- EXERCISE DETAILS -
The answer should consist solely of the lines from the first one below through the line containing "Fashion Cotton Detachable", copied exactly.

(Dataset entries)

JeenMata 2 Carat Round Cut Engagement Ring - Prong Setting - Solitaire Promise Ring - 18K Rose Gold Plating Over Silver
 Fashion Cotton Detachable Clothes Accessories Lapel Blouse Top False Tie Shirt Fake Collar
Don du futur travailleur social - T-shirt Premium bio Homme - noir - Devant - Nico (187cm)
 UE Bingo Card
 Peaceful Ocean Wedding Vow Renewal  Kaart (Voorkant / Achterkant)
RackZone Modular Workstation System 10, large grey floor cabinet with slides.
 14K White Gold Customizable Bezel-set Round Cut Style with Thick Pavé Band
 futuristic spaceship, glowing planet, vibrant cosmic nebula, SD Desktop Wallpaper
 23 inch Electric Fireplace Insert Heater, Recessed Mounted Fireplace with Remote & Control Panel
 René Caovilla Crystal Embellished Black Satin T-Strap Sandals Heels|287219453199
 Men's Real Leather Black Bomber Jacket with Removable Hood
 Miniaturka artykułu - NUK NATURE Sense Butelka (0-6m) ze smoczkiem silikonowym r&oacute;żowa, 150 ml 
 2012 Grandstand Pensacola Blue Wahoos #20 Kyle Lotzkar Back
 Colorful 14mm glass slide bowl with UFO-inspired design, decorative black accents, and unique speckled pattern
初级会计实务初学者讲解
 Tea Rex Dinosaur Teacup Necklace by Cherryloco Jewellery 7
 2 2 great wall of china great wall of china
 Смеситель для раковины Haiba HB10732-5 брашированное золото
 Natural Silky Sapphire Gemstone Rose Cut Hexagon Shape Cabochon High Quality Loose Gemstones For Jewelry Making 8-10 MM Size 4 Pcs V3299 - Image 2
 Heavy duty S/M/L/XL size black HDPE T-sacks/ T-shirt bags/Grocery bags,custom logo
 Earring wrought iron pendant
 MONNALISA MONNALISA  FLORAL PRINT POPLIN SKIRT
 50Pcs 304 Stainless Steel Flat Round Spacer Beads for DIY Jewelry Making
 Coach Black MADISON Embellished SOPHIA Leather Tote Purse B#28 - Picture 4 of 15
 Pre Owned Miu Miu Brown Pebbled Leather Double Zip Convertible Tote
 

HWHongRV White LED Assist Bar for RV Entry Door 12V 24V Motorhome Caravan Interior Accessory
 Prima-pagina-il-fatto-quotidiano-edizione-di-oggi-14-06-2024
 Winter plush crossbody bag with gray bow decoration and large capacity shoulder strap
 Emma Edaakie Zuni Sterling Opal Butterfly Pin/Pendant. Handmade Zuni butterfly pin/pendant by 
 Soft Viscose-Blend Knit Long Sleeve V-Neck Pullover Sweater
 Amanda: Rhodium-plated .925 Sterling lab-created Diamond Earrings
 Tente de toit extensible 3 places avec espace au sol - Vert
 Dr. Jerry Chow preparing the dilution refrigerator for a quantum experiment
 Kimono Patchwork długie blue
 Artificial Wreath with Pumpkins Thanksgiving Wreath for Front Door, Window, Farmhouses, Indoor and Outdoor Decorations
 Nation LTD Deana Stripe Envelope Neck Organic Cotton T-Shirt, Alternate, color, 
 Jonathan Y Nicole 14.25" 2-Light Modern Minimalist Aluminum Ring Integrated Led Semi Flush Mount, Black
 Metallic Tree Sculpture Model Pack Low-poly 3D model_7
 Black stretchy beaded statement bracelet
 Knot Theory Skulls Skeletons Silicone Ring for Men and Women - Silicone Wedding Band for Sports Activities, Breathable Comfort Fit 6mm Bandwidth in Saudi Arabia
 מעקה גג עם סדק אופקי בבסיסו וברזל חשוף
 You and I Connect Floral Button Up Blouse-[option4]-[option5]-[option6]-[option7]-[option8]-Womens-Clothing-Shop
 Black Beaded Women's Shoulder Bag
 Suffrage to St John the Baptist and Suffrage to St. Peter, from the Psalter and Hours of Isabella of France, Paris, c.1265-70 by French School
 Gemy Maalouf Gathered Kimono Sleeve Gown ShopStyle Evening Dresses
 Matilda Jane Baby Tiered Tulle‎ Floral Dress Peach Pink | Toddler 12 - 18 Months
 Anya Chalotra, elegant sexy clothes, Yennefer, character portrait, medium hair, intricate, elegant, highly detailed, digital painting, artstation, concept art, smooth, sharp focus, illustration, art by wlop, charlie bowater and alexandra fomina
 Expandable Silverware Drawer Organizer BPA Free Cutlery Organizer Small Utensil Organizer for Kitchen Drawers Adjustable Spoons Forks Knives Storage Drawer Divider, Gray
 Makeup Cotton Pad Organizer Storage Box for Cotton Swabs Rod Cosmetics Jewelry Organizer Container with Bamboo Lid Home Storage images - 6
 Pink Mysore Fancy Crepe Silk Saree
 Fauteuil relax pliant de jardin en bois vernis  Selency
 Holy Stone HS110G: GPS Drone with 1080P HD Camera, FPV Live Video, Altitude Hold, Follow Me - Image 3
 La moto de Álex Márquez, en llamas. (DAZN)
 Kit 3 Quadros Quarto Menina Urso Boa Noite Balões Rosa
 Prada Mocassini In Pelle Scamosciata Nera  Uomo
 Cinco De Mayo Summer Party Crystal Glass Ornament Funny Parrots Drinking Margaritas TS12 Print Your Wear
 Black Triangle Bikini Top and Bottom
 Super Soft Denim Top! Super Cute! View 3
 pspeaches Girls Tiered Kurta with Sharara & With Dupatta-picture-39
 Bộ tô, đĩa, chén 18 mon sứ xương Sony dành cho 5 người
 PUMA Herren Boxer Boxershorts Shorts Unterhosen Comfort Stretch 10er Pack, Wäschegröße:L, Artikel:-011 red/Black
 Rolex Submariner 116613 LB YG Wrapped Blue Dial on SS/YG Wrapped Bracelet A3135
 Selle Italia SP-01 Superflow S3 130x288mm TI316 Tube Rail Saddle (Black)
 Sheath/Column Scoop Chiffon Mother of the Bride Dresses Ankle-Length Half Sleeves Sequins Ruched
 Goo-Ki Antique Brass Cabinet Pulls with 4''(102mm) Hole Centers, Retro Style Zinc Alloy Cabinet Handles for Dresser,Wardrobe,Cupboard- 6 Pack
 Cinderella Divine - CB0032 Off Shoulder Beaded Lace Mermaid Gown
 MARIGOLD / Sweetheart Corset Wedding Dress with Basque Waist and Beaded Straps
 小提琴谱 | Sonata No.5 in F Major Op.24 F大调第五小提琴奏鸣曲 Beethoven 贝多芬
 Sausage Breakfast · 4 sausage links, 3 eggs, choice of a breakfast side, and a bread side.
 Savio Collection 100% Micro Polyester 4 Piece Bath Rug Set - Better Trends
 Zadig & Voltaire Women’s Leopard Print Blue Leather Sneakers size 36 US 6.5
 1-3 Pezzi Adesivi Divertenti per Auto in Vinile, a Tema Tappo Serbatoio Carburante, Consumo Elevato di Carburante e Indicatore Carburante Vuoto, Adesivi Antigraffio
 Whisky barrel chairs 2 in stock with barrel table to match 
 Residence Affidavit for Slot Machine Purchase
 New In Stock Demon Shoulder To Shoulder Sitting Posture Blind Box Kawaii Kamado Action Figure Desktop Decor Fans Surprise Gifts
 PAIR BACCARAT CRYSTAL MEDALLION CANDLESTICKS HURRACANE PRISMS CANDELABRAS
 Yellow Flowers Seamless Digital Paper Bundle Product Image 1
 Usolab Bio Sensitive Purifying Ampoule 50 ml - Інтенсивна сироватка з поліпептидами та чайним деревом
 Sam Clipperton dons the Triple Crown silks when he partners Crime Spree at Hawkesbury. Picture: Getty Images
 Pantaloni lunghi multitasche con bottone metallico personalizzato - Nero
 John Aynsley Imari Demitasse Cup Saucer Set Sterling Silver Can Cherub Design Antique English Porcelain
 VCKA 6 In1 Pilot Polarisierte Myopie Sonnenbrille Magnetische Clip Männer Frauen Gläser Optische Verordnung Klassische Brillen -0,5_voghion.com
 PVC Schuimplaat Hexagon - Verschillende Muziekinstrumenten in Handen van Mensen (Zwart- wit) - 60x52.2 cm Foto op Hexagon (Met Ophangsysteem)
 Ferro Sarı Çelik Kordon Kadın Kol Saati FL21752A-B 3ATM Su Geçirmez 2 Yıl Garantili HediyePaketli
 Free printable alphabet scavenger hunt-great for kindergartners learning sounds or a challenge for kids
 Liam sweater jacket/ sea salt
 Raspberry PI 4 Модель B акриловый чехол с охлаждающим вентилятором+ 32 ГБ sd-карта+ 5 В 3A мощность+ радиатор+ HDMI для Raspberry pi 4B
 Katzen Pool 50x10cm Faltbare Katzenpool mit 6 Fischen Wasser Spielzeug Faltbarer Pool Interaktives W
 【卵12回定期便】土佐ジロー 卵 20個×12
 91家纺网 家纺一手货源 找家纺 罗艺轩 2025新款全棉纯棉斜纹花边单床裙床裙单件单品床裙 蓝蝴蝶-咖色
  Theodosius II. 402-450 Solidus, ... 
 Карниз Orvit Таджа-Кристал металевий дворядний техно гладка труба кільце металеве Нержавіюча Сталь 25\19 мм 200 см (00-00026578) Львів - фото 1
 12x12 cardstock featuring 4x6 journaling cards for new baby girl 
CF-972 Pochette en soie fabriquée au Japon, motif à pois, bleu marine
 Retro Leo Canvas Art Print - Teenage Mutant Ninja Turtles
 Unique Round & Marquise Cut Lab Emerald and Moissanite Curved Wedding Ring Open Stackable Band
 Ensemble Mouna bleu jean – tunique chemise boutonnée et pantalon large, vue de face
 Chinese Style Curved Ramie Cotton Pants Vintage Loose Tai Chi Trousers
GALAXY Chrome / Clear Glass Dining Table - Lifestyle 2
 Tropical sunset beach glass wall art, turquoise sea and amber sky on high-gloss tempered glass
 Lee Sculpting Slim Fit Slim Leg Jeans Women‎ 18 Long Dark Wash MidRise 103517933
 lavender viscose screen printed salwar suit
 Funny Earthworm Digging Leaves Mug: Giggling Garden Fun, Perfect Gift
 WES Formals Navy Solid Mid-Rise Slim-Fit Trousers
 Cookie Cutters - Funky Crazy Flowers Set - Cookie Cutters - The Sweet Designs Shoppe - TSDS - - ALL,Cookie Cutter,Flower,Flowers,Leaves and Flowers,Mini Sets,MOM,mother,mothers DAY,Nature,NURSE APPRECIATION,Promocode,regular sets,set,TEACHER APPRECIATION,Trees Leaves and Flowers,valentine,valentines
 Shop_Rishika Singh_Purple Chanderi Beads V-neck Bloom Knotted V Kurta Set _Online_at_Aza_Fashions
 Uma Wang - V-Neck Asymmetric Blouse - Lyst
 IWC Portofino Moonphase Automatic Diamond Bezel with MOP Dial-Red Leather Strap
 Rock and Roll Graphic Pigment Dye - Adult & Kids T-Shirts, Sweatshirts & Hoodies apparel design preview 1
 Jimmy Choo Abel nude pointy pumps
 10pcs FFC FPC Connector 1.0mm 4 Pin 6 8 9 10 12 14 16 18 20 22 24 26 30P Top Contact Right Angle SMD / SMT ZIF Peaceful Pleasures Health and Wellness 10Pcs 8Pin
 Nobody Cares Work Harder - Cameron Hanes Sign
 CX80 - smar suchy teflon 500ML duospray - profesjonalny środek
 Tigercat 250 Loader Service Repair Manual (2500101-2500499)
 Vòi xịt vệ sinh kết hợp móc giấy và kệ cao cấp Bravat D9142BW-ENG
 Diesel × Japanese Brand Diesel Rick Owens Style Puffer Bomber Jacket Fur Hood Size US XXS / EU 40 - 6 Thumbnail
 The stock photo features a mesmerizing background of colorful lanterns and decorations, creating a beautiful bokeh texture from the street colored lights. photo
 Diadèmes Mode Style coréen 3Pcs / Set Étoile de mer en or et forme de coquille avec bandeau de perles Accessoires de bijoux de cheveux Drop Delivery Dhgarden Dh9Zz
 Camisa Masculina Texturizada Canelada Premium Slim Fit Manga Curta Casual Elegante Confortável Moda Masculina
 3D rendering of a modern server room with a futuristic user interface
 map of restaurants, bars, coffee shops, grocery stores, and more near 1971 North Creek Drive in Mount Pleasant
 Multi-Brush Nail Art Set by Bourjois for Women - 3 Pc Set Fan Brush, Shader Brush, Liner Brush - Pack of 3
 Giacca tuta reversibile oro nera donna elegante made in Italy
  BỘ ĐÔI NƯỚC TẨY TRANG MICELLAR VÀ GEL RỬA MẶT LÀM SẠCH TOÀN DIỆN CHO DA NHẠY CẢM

- YOUR RESPONSE -
JeenMata 2 Carat Round Cut Engagement Ring - Prong Setting - Solitaire Promise Ring - 18K Rose Gold Plating Over Silver
 Fashion Cotton Detachable Clothes Accessories Lapel Blouse Top False Tie Shirt Fake Collar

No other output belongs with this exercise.